Faced with the obstacles and challenges of life after middle age, Dave Barry turns to his best dog, Lucy, to learn how to live his best life. From “Make New Friends” (an unfortunate fail when he can’t overcome his dislike for mankind) to “Don’t Stop Having Fun” (validating his longtime membership in a marching unit that performs in parades—and even Obama’s inauguration), Dave navigates his later years with good humor and grace. Lucy teaches Dave how to live in the present, how to let go of daily grievances, and how to feel good in your own skin. The lessons are drawn from Dave’s routine humiliations and stream-of-consciousness accounts of the absurdities of daily life, which will leave you heaving with laughter and recognition.

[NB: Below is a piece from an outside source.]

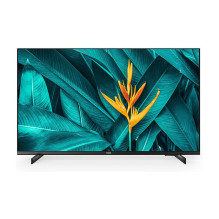 Philips 43HFL5214U MediaSuite. 4K. DVB-T / T2 / C.Chrome.. Andr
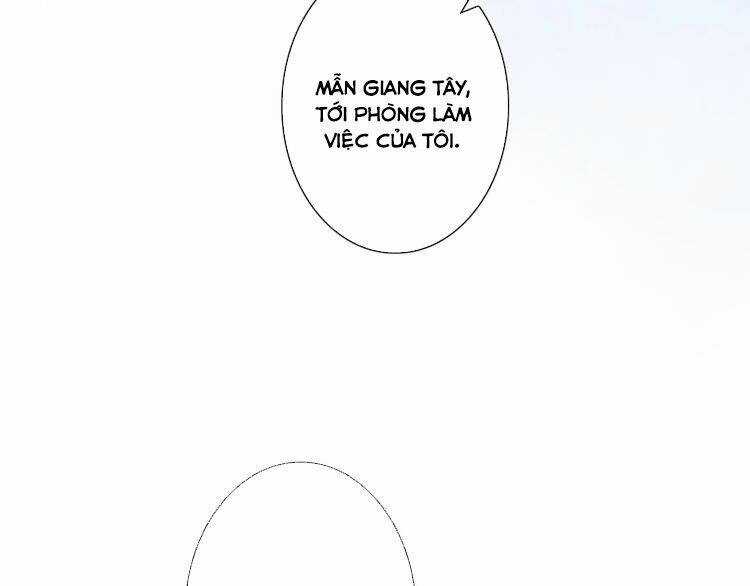 Cô Ấy Là Của Tôi Chapter 4 trang 14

Laugh-out-loud hilarious, whether he’s trying to “Pay Attention to the People You Love” (even when your brain is not listening) or deciding to “Let Go of Your Anger,” Dave Barry’s Lessons From Lucy is a witty and wise guide to joyous living.

An original Saturday Night Live writer, Alan Zweibel has won five Emmy, and two Writers Guild of America awards for his work in television which includes It’s Garry Shandling’s Show (which he co-created and produced), The David Letterman Show and Curb Your Enthusiasm.  A frequent guest on all of the late night talk shows, Alan’s theatrical contributions include his collaboration with Billy Crystal on the Tony Award winning play 700 Sundays; Martin Short’s Broadway hit Fame Becomes Me; and the off-Broadway play Bunny Bunny – Gilda Radner: A Sort of Romantic Comedy which he adapted from his best-selling book. Alan has written eleven books including the 2006 Thurber Prize winning novel The Other Shulman, the popular children’s book Our Tree Named Steve, and most recently, a parody of the Passover Haggadah titled For This We Left Egypt? that he co-wrote with Dave Barry and Adam Mansbach. His humor has appeared in The New Yorker, Esquire, The Atlantic Monthly, the New York Times Op-Ed page, The Huffington Post and MAD Magazine.  Alan is currently preparing his play Bunny Bunny for a return to New York stage, writing a memoir titled Laugh Lines – 40 Years Trying To Make Funny People Funnier that will be published in 2020, and a new movie he wrote with Billy Crystal is scheduled to start shooting in the fall.